A Berkeley widow who has been verbally abused by irate netball mums looking to park in her street has called on the council to end the traffic chaos.
Hooka Creek Road resident Leonie Simpson is fed up with people blocking her driveway and flouting no-parking signs to get to their netball games in time.
Every Saturday during winter, the usually quiet suburban road transforms into a congested car park where, according to Ms Simpson, anything goes.
"The council put no-parking signs down on one side of the road but people don't take notice of them, they still park there," Ms Simpson said.
"If you ask them not to park, they tell you where to go. I've had women tell me to eff-off, that they can park anywhere they like."
Drivers have blocked off Ms Simpson's driveway at least five times, while her neighbour reported the same problem to police as recently as last week.

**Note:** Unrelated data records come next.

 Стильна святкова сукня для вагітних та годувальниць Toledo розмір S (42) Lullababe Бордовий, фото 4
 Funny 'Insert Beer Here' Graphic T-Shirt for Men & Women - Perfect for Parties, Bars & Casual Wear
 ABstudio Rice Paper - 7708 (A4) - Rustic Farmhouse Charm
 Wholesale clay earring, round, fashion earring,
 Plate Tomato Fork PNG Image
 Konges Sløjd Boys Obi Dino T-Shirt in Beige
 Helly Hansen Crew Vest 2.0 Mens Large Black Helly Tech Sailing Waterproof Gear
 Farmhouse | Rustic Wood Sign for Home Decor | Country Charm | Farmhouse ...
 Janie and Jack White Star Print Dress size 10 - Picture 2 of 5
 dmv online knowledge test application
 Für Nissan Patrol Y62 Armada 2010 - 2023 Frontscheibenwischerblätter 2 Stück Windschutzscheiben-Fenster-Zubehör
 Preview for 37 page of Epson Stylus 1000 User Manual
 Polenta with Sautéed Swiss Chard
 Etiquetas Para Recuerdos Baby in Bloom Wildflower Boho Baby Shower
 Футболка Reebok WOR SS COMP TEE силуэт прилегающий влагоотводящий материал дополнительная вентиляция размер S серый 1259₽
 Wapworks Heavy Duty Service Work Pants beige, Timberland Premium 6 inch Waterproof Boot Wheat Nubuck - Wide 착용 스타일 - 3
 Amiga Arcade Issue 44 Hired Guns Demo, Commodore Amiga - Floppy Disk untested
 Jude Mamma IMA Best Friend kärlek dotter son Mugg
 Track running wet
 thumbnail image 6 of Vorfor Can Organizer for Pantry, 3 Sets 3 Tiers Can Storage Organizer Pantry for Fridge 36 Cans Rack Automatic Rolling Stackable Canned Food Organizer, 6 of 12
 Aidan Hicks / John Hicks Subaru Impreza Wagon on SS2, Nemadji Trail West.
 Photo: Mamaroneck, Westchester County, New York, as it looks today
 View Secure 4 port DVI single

Before the recent death of her gravely ill husband, Arthur, Ms Simpson used to worry that the congestion would stop an ambulance from reaching them.
The 63-year-old retiree, who has lived in the street for 20 years, describes the situation as "utterly stupid".
"They just don't care, they're above the rules. They've got no consideration for people who live in the street," she said.
Residents in neighbouring Hertford Street also feel the pinch when drivers park on both sides of the road, effectively turning it into a one-way street.
It was particularly bad during weekends when the site hosted netball carnivals, Ms Simpson said.
Now she is calling on Wollongong City Council to create more parking or send rangers to the street regularly on Saturdays until drivers improved their behaviour.
"It's just annoying because you can't park outside your house or have any visitors over because there's no parking, and it's inconvenient because [the Illawarra District Netball Association] don't tell us when it's on," she said.
Ms Simpson suggested the association did a letterbox drop of carnival dates at the start of the season, so that residents could plan around the events.
Association president Dianne Elvy did not respond to the Mercury's calls on Sunday.
Ms Simpson said soccer did not affect residents in the same way.
"We don't have problems with the soccer - not one iota. Their traffic doesn't worry us. They have their own parking area and people park in there."